Thirstory: Getting Naked with the Towel Boys
Welcome to Thirstory, where we whet your appetite with pages from the Interview archives that were almost too hot to print. This week, we resurface “Towel Boys,” first published in our August 1987 edition.
In the summer of 1987, the Interview contributor Christopher Makos was tasked to develop a home decor story for the magazine. His assignment? Make towels sexy. In a stroke of genius, Makos turned a possibly drab subject into a centerfold shoot, styling a group of torso-bearing hunks as makeshift towel bars. Looking back on the assignment, Makos says, “There’s nothing like a sexy boy being a home furnishing.”

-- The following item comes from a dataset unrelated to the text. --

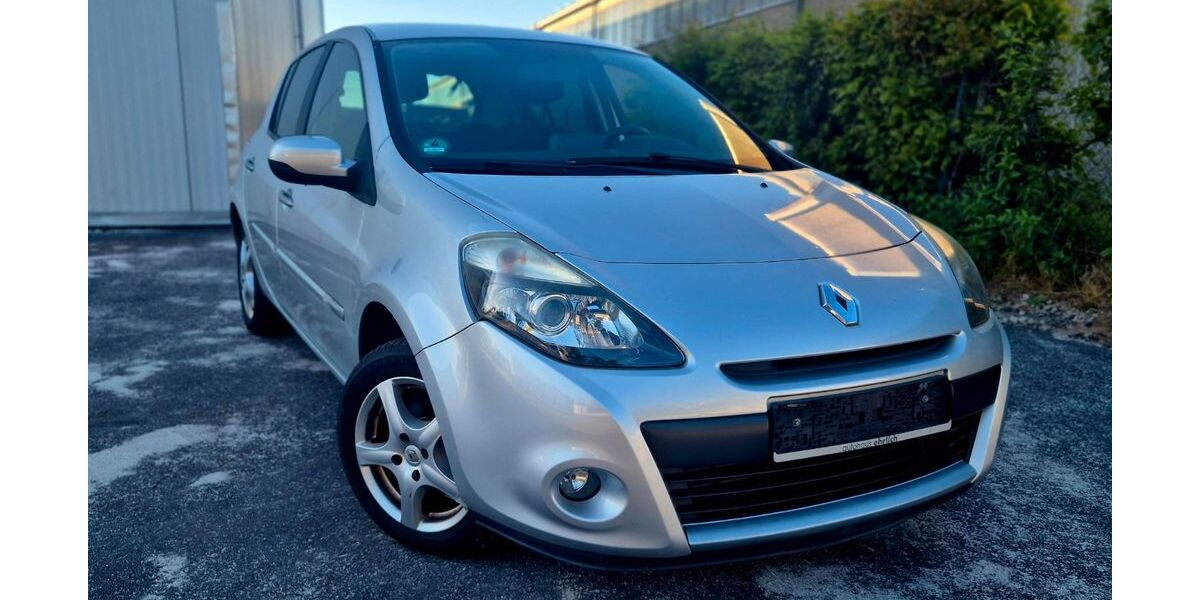 Renault Clio 151.000 km 2.999 &euro; Goldbach 63768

In the editorial, the male models reinterpret their towels as togas, flexing their chiseled bodies and perspiring with as much passion as Lisa Rinna live on QVC.
Makos attributes all that steam-room allure to the casting. “There’s a sense of innocence here that is different than the pictures of guys today, because guys today are so self-aware. The picture you see is of these hot biceps and stomach muscles, but ultimately I was photographing their personalities. It was a lot of fun to ask people to take their clothes off for legitimate reasons. You know what I mean?”
Christopher Makos is a New York City–based photographer whose work will be featured in an exhibition at Daniel Cooney Fine Art this September.